Vietnam with Kids

November 4th - 22nd, 2014

Our Story

From early on, we knew we were going to be spending time in Europe, Thailand, and Australia.  Before leaving for our trip, it was our goal to only plan all our accommodations and flights through Europe, but not all the details past that.  We did, however, want to have booked our flight leaving Europe, in case anyone in passport control gave us a hard time we could show we had ongoing travel plans.  We were about to book our flight out of Spain to Thailand when the coup happened, causing enough turmoil in Thailand to have us concerned about our plans.  In order to play it safe, we looked at other countries near Thailand that we could book a flight to, and then see what happened in Thailand as it got closer.  Vietnam quickly got on our radar, and the rest, as they say, is history, as Vietnam became one of the most memorable experiences on our whole trip.
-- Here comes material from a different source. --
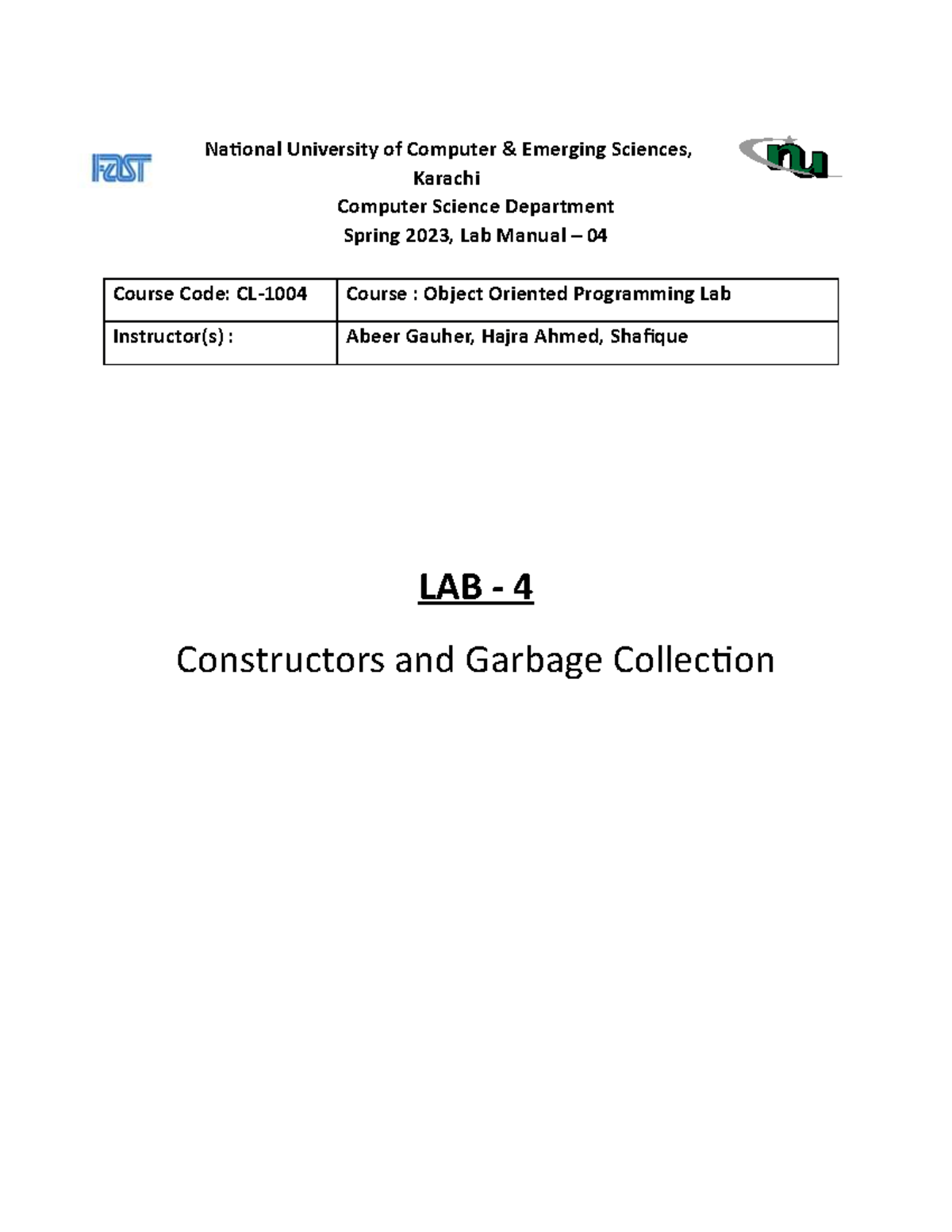 Lab 4 Constructors and Memory Mgmt - National University of Computer ...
Without a doubt, Hanoi was the most outside of our comfort zone we got on all our travels.  We really weren't sure what to expect when we got there.  The whole visa process and the high entry fees they charge scared us a little bit as it seems like a scam, but once we actually got to our apartment near Hanoi's old quarter, we really began to appreciate our new home for the next few weeks.  One thing we really loved was the low cost of living.  Eating at a local "restaurant"/hole in the wall, where we'd be the only white people in sight, would typically cost about $5 or 100,000 Vietnamese Dong, for a delicious meal large enough for the four of us.  
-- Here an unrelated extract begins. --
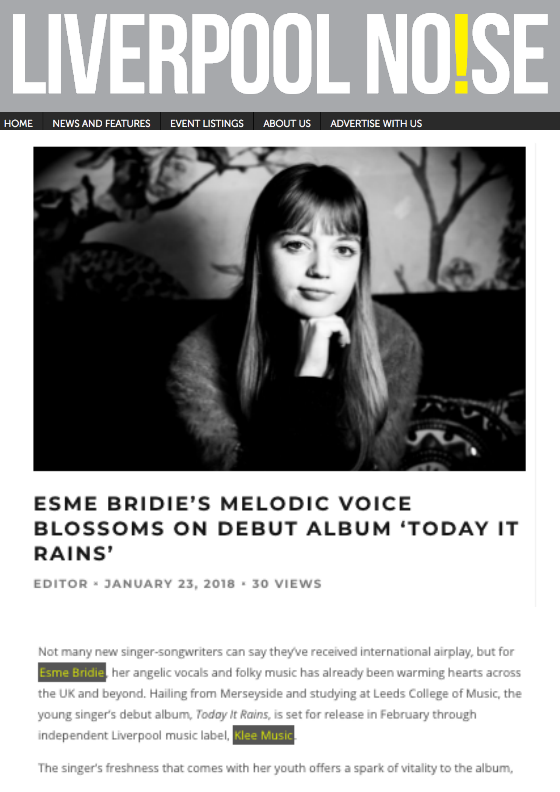 Liverpool Noise: Esme Bridie Today It Rains Album Review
Perhaps the most worrisome thing about Vietnam for us were the motorcycles everywhere.  It is a little unnerving crossing the street sometimes with kids, as there would be no crosswalk and a nonstop crowd of motorcycles that don't slow down for pedestrians, but we quickly learned by watching the locals that if you just start walking without slowing down you'll be okay!  It is really quite a sight to see all the motorcycles, some of which transport families of five people, and frequently you will see people packed them up with more stuff than a UPS truck!

Many people warned us of safety while traveling there, but we quickly found the people to be very pleasant, especially towards kids.  High school and college age kids, both boys and girls, would flock to our children and want to take pictures with them.  It was a little unnerving at first, but an Asian friend helped put it in perspective for us when they explained that for these people seeing our little white kids is like seeing their childhood dolls come to life.  You do have to be a little wary of people selling things on the street, as they are quick to take advantage of foreigners who don't know any better, but once you start to get familiar with how much things should cost it becomes easier to buy things at the right price.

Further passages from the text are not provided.